Quand l’excédent brut d’exploitation d’une entreprise est largement capté par ses actionnaires, a fortiori quand ce sont des fonds de pension ou des holdings gourmands en rendements à deux chiffres, cela se voit dans le report à nouveau et l’état des fonds propres.

Initialement, l’article 13 coûte 200 millions d’euros environ aux finances publiques. Les amendements déposés sur cet article ne visent pour la plupart qu’à augmenter la facture, notamment en intégrant les charges découlant, pour les entreprises, de leur participation aux opérations pilotées dans le cadre d’un partenariat public-privé.

On peut s’étonner tout de même que tant de sollicitude trouve ainsi à s’exprimer à l’endroit de grands groupes dont la surface financière et économique est déjà suffisamment étendue pour savoir jouer des différents ressorts de l’optimisation fiscale.

M. le président. Quel est l’avis de la commission ?

M. Albéric de Montgolfier, rapporteur général de la commission des finances. Éric Bocquet a devancé mon propre étonnement ! (Sourires.)

L’objet de l’article 13 est justement de prévenir les schémas d’optimisation fiscale pour les entreprises qui abuseraient de la déductibilité des intérêts, en adaptant la fameuse directive ATAD – Anti-Tax Avoidance Directive –, qui encadre la déductibilité des charges financières.

Nous avons jusqu’au 31 décembre 2023 pour transposer cette directive. Si nous ne le faisions pas, il s’ensuivrait des pertes de recettes pour l’État et des mécanismes d’optimisation qui perdureraient.

Votre prise de parole me semble davantage relever de la pétition de principe que d’une réelle volonté de ne pas encadrer les charges financières, monsieur Bocquet.

En conséquence, l’avis est défavorable.

M. le président. Quel est l’avis du Gouvernement ?

M. Olivier Dussopt, secrétaire dÉtat. Même avis.

M. le président.
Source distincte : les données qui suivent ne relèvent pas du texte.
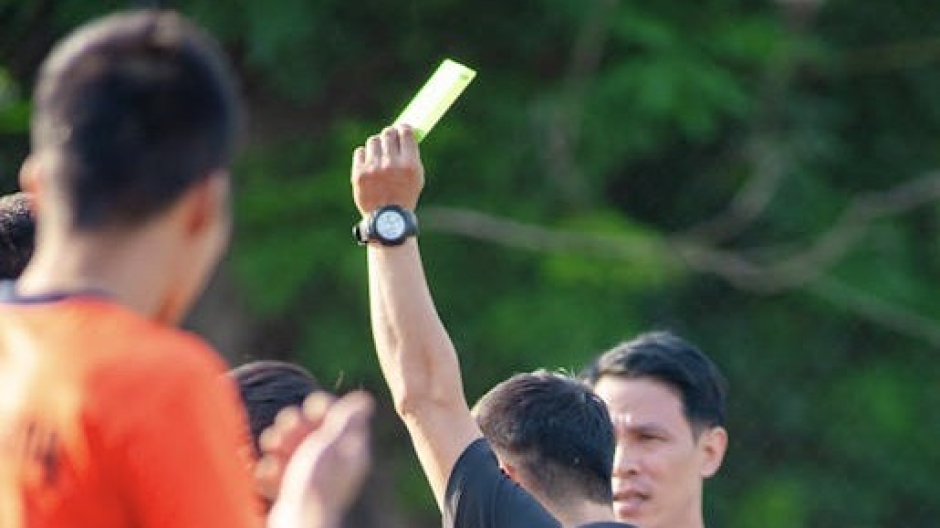Calcio: le designazioni arbitrali in Eccellenza, Promozione e Prima Categoria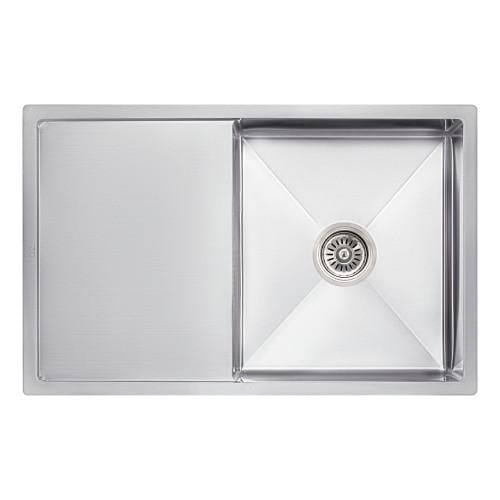 Мойка для кухни Lidz H7850 3,0/1,0 мм Brush (LIDZH7850BRU3010)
La parole est à M. Éric Bocquet, pour explication de vote.

M. Éric Bocquet. Pour illustrer mon propos sur la voracité des actionnaires, je citerai non pas lHumanité, mais Challenges ; vous remarquerez mes saines lectures, chers collègues, et elles vont jusqu’aux excellentes pages saumon du Figaro ! (Sourires.)

Patrick Artus a publié un ouvrage au printemps dernier dans lequel il évoque le sujet de la répartition de la richesse. L’article de Challenges parle d’une obsession du court terme et d’une dictature des actionnaires. Les actifs financiers et les actifs liquides et monétaires détenus par les entreprises non financières qui thésaurisent ainsi leur excès d’épargne représentent aujourd’hui environ 175 % du PIB en valeur pour l’ensemble de l’OCDE, contre seulement 115 % du PIB à la fin des années quatre-vingt-dix.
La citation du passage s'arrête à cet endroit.